Hacia 1850, en la parte de la calle Cuenca que hoy ocupamos, existían casas sencillas, sin ornato. En 1875, se aprobó en Quito la Academia, y sus fundadores ‘instalaron’ la corporación, a la manera de otras academias, en la vivienda de uno de sus miembros, en este caso, en la que pertenecía al suegro de don Julio Zaldumbide, la del viejo Conservatorio Nacional. En ella se consolidó ‘una de las mejores tertulias literarias de Quito’. En sus patios, en tiempos felices, proclives al gozo del teatro y la lectura, se hacían representaciones y, según Jurado, existen apuntes de doña Blanca Martínez de Tinajero en los que consta que Juan León Mera, fundador ambateño de la Academia de la Lengua, preclaro escritor, tomaba parte en dichas reuniones, junto con su esposa, con la relativa asiduidad que le permitía la distancia Ambato-Quito-Ambato.

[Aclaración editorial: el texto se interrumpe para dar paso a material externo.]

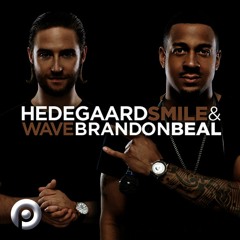 Hedegaard & Brandon Beal - Smile & Wave (LOLK Remix)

Hasta hoy, nadie ha confirmado que la casa situada frente a la Plazoleta de La Merced que perteneció a los Onrramuño y Arteaga, de apellidos sonoros, fuera la que se nos entregó en 1905, casi en ruinas. Jorge Salvador Lara aporta un dato más preciso: ‘es un edificio colonial de dos patios, construido en el siglo XVIII al borde de la quebrada que atravesaba el centro de Quito de Oeste a Oriente”… El edificio no es de factura netamente colonial, pero los dos patios son reminiscencia de los viejos tiempos. Parece que a fines del siglo XVIII y durante casi todo el XIX, funcionó en ella la primera biblioteca pública de Quito, la famosa ‘de los jesuitas’, antes alojada en la antigua Universidad de San Gregorio. El Precursor Espejo pudo haber dirigido el traslado de aquella colección magnífica a este edificio de la calle Cuenca, motivo por el cual la plazoleta de La Merced se denominó “Doctor Espejo”. Pero estamos en el terreno de la conjetura.

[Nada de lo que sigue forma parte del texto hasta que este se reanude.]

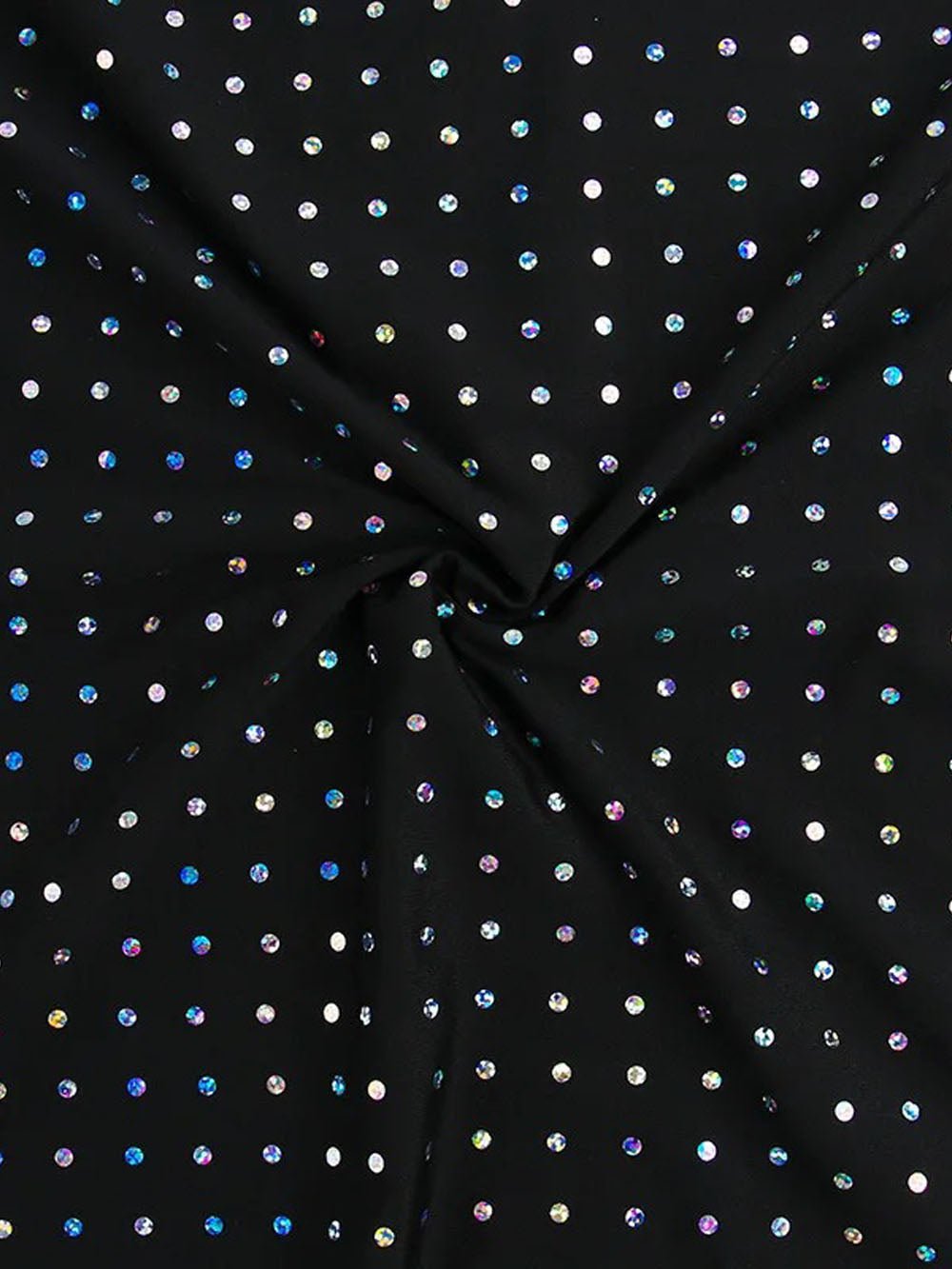 Blakely Sequin Maxi Dress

Años después, trasladada la biblioteca a un ámbito más grande, debieron habitar la casa sucesivos tenderos, pasantes de pluma, tinterillos, chamarileros, buhoneros, traperos; individuos y familias que convirtieron esta casa en uno más de los conventillos del centro colonial quiteño, de los cuales, poco a poco, con esfuerzo digno de resaltarse, han procurado deshacerse, con historias contradictorias de dignidad y dolor, los sucesivos gobiernos de la capital.
Debo algunos de estos datos, tanto a don Fernando Jurado como a la ‘Historia de la Academia Ecuatoriana de la Lengua’, escrita por el estudioso Franklin Barriga López.